The first two phases are actually where the radical change will happen. For both the first-voting states and any states which wish to hold primaries or caucuses in March, the selection of delegates to the national convention will be on some form of proportional apportionment, rather than the traditional Republican "winner takes all" scheme. This is borrowing a page from the Democrats, it bears noting. The new RNC requirement for proportionality is rather vague, and leaves it up to each state to determine how to dole out the delegates (based on voting in the whole state, or district by district, for instance). But it will certainly shake up the contest from the way Republicans have nominated their candidates in the past. Previously, the Republican field has been narrowed very quickly, due to the winner-take-all nature of piling up delegates. John McCain essentially had a lock on the Republican nomination by the beginning of March four years ago, while Hillary Clinton didn't concede the race until July on the Democratic side. Republicans watched the Clinton/Obama race take over the headlines for months, while news about McCain dropped off the public's radar. This time around, they're planning for a more drawn-out contest, which could both make for a more exciting race and give whoever emerges as the nominee a lot more seasoning for the general election campaign.

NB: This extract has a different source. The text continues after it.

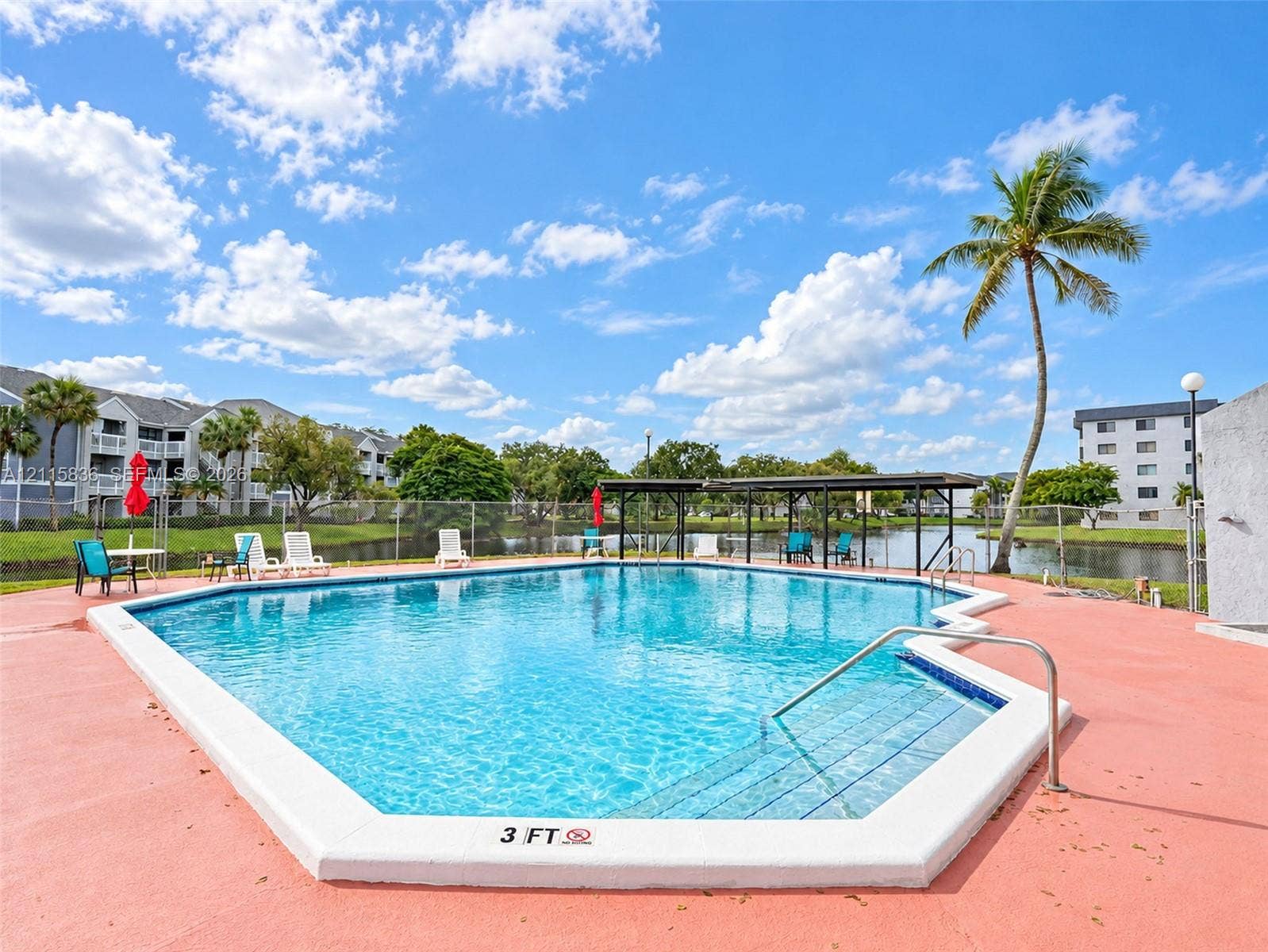 8000 Hampton Boulevard, #311, North Lauderdale, North Lauderdale, FL 33068 In-ground swimming pool featuring a concrete deck, tiled entry steps, and metal handrails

That's the thinking, at any rate.
But, being conservative in nature, the Republican Party doesn't want to let things remain undecided for too long, so the third phase of their plan will revert to the old winner-take-all rules. Any state which schedules its primary for April or later will award its delegates as a bloc, in other words. Even if the primary race goes on this long, one candidate or the other should be able to wrap it up without drawing the whole thing out until midsummer, as Hillary and Barack did last time around.
That's the master plan. On paper, at any rate. Four states get two months to schedule their votes, and then a period of voting happens which allows proportional apportionment of delegates, and then things wrap up with the traditional winner-take-all system. The problem is, the Republican National Committee cannot really literally "lay down the law." They are not in charge of any statehouse, they are a national political party. The politicians in each state are actually in charge of setting their state's schedule, and they are under no legal compulsion to follow the RNC's rules.
This has already led to intense jockeying for position among states which want to vote earlier than the RNC proposes. Florida, Michigan, Colorado, Missouri, Georgia, and Arizona have been making noises about jumping to the front of the line -- or, more accurately, jumping to fifth place in line. The RNC has leverage to make sure this does not happen, but it may turn out to be an empty bluff. Any state which holds their primary or caucus before March 6 (this year's "Super Tuesday") will be penalized at the national convention to the tune of half their delegates. The RNC may not make any laws, but it is the entity which runs the convention. Meaning it can set whatever rules it wishes for seating delegates.
The states may decide to call the RNC's bluff, though. States which vote earlier than allowed will challenge the RNC to seat all their delegates, or else face a backlash among the party's voters in that state. This played out on the Democratic side last time around, with Florida and Michigan jumping the gun -- which led to a huge and ugly fight among the Clinton supporters and Obama supporters when it came time to set the convention rules. If the margin of victory is close enough that the denied half of any state's delegates could swing the race, this could become a monumental headache for the party later on -- which is exactly what states like Florida are counting on (Florida is reportedly now even considering announcing their primary date as early as January, although this could be a bluff on their part).
This is a wonky subject, to be sure. The reason it is important now is that the states have until this Saturday to report to the RNC what their primary or caucus dates will be. So look for a lot of backroom dealing in the next few days.
Florida seems the most inclined not to back down, at this point. Florida has a strong case to make for being fifth (at least, as far as Florida Republicans are concerned). Florida's demographics are closer to the national makeup than any of the first four states, and they have a lot of very committed voters. In other words, Florida would like to be the true bellwether state in the race. In the primaries, Florida could be the tiebreaker between Perry and Romney, if they split the first four states (a scenario which seems more and more likely as time goes on). Plus, in the general election, Florida may indeed be the swing state that decides the presidential race. With a whopping number of Electoral College votes, it could be the center battleground in the 2012 race -- much more so that any of the other states vying for fifth place (again, in Floridian eyes).
This is their gamble. They are defying the RNC to cut their convention delegates in half, in essence saying: "You wouldn't dare do so, because you don't want to risk annoying Florida Republicans in the general election, where they could be crucial to defeating Barack Obama."
This shoving match for fifth place in the line is becoming all but inevitable, in every presidential election cycle (in both parties, to be fair). Until someone comes up with a truly national scheme to set primary calendars -- one that is adopted by all states -- it looks like we're going to have this high-stakes bluffing match every single time. While this weekend's deadline is also an artificial construct of the RNC (meaning the argument could go on a long time after this Saturday), it's going to be an interesting end to the week for election-watchers.
More interesting than hearing Chris Christie say "No" in yet another amusing way, at the very least.